Em espaços confinados, como estádios, arenas e centros de convenção, não sujeitos a regulamentação e fiscalização pela ANAC ou DECEA, a operação de drones, ainda que com aparelhos de menor peso e a menores velocidades (nem sempre…), pode envolver energias de 1.000-4.000 uE, condição para acidentes de altíssima severidade, em caso de perda de controle por falha na radiocomunicação ou manobra arriscada do operador.
Notar que não estamos tratando (ainda) de mal intencionados, hackers, criminosos ou terroristas, para os quais os drones podem constituir poderosas (e aterradoras) ferramentas de trabalho. Por ora, isto pode nos tranquilizar, ou nos preocupar ainda mais.
O atento leitor deve ter percebido que se trata aqui de equipamentos, na realidade, de sistemas, de alta complexidade e que envolvem múltiplas disciplinas e tecnologias, além do fator humano, cujas falhas ou operação incorreta podem representar perigos reais à população em geral. Uma atitude de certo “laissez-faire” por parte dos reguladores, em tal contexto, não é de fácil compreensão.

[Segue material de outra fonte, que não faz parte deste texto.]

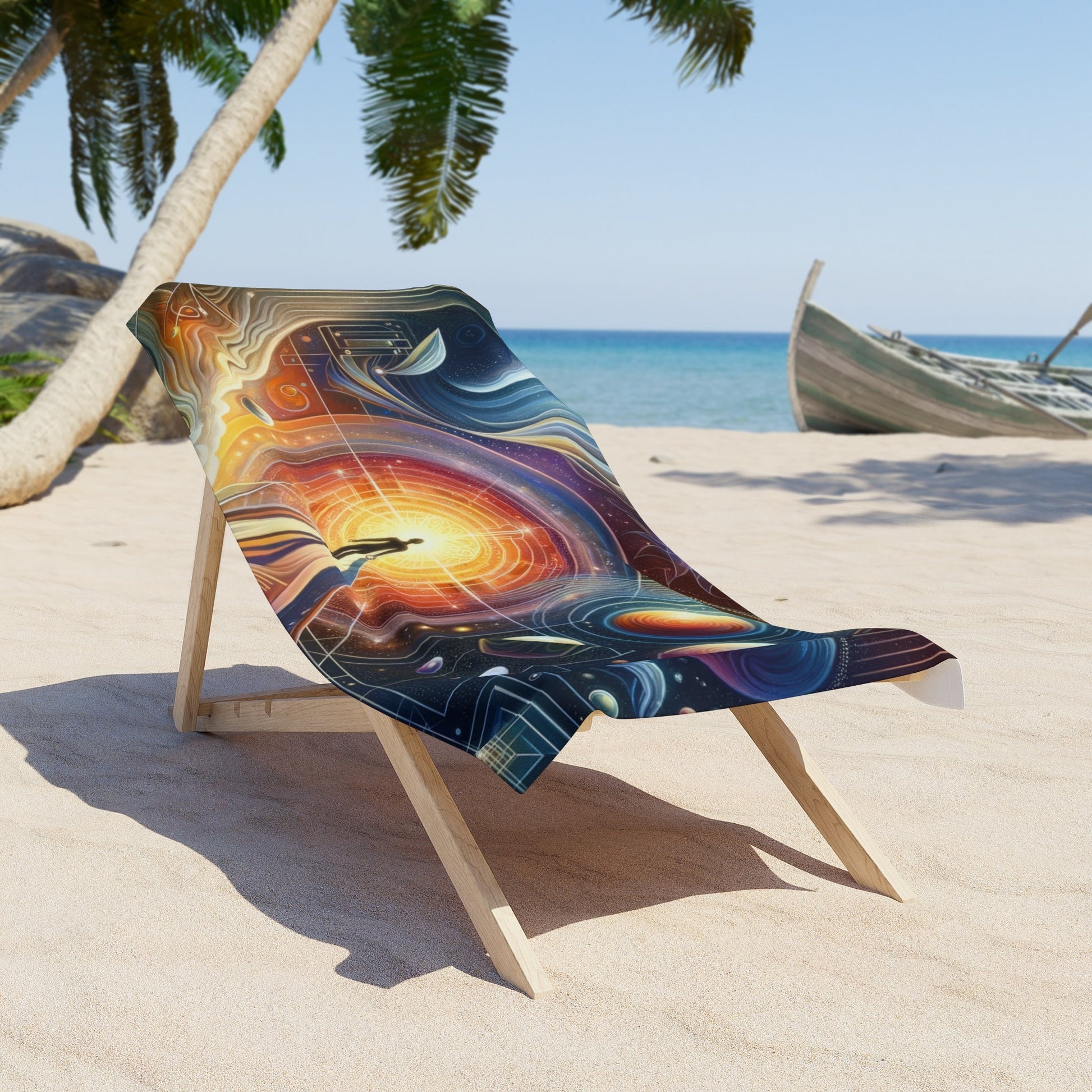Unified Cosmic Alignment Beach Towel - ATUH.ART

É evidente e urgente a necessidade de debates mais amplos e do estabelecimento de políticas públicas relativas ao tema, dos quais participem segmentos diversificados da sociedade, seus agentes especializados, como, os do direito aeronáutico e das tecnologias de informação e comunicação, da segurança pública e privada, das agremiações de pilotos e de outros serviços aéreos tripulados e, antes que venham a acontecer, da prevenção e investigação de acidentes aeronáuticos.
Caso contrário, podemos voltar a Shakespeare, 1600, com ‘mais coisas entre o céu e a terra do que supõe a nossa vã filosofia’. Só que, desta vez, com riscos mais tangíveis e menos filosóficos.